The samples remained after microarray analyses were analyzed by RT-PCR. Gene expression analyses of three samples of putative ovarian stem cells (OSC1-3) were performed using the Biomark Real-Time quantitative PCR (qPCR) system (Fluidigm, San Francisco, CA, USA). In all samples, expressions of 7 genes: LEFTY1, SALL4, OCT4A, TDGF1, REC8, CDH1 and STELLA, related to pluripotency and embryonic stem cells, and of the housekeeping gene GAPDH, which was used for normalization, were analyzed in comparisons with three samples of positive control – hESCs (ESC1-3), and three samples of negative control – human adult (dermal) fibroblasts (FB1-3). The inventoried TaqMan assays (20×, Applied Biosystems, Carlsbad, CA, USA) were pooled to a final concentration of 0.2× for each of the 8 assays.

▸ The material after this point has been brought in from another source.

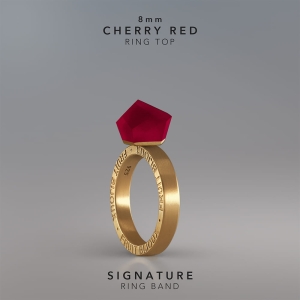 Ring Cherry Red 8mm Signature ring band gold-plated.jpg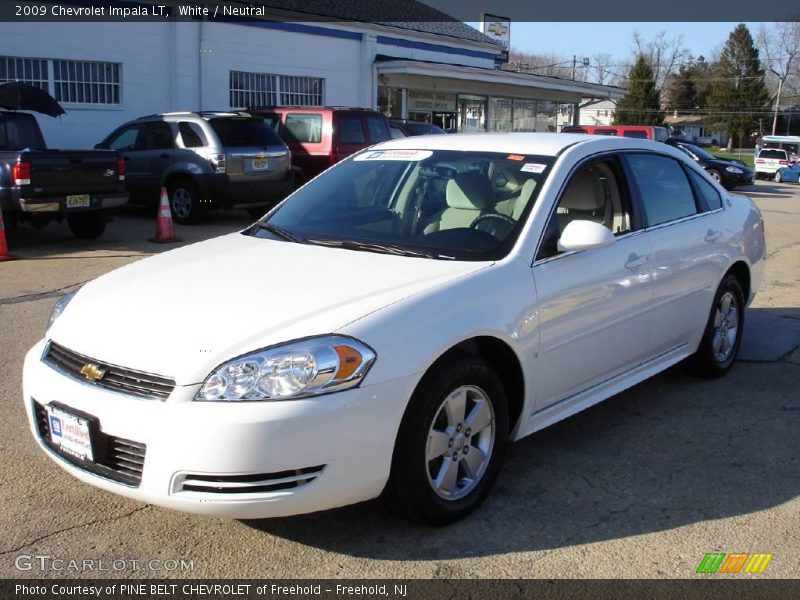 White / Neutral 2009 Chevrolet Impala LT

The samples were put directly into 9 μL RT-PreAmp Master Mix (5.0 μL CellsDirect 2× Reaction Mix (Invitrogen); 2.5 μL 0.2× assay pool; 0.2 μL RT/Taq Superscript III (Invitrogen); 1.3 μL TE buffer). The sequencespecific reverse transcription was performed at 50°C for 15 minutes. The reverse transcriptase was inactivated by heating to 95°C for 2 minutes. Subsequently, in the same tube cDNA went through limited sequence-specific amplification by denaturing at 95°C for 15 seconds, and annealing and amplification at 60°C for 4 minutes for 14 cycles. These pre-amplified products were diluted 5-fold prior to analysis with Universal PCR Master Mix and the inventoried TaqMan gene expression assays (ABI) in 96.96 Dynamic Arrays on a BioMark System. Each sample was analyzed in two technical replicates. Ct values were obtained from the BioMark System and were transferred to the GenEx software (MultiD, Göteborg, Sweden). The compared groups of samples were analyzed on heatmap and hierarchical clusterings (Ward’s Algorithm, Euclidean Distance Measure) and by principal component analysis (PCA). In addition, descriptive statistics were calculated individually for the genes using a 0.95% confidence level and groups of cells (OSCs vs. hESCs and OSCs vs. fibroblasts FBs) were compared by an unpaired 2-tailed Student’s T-test; to keep the overall risk of error at 0.05 a threshold value of 0.00730 was used according to the Dunn-Bonferoni correction.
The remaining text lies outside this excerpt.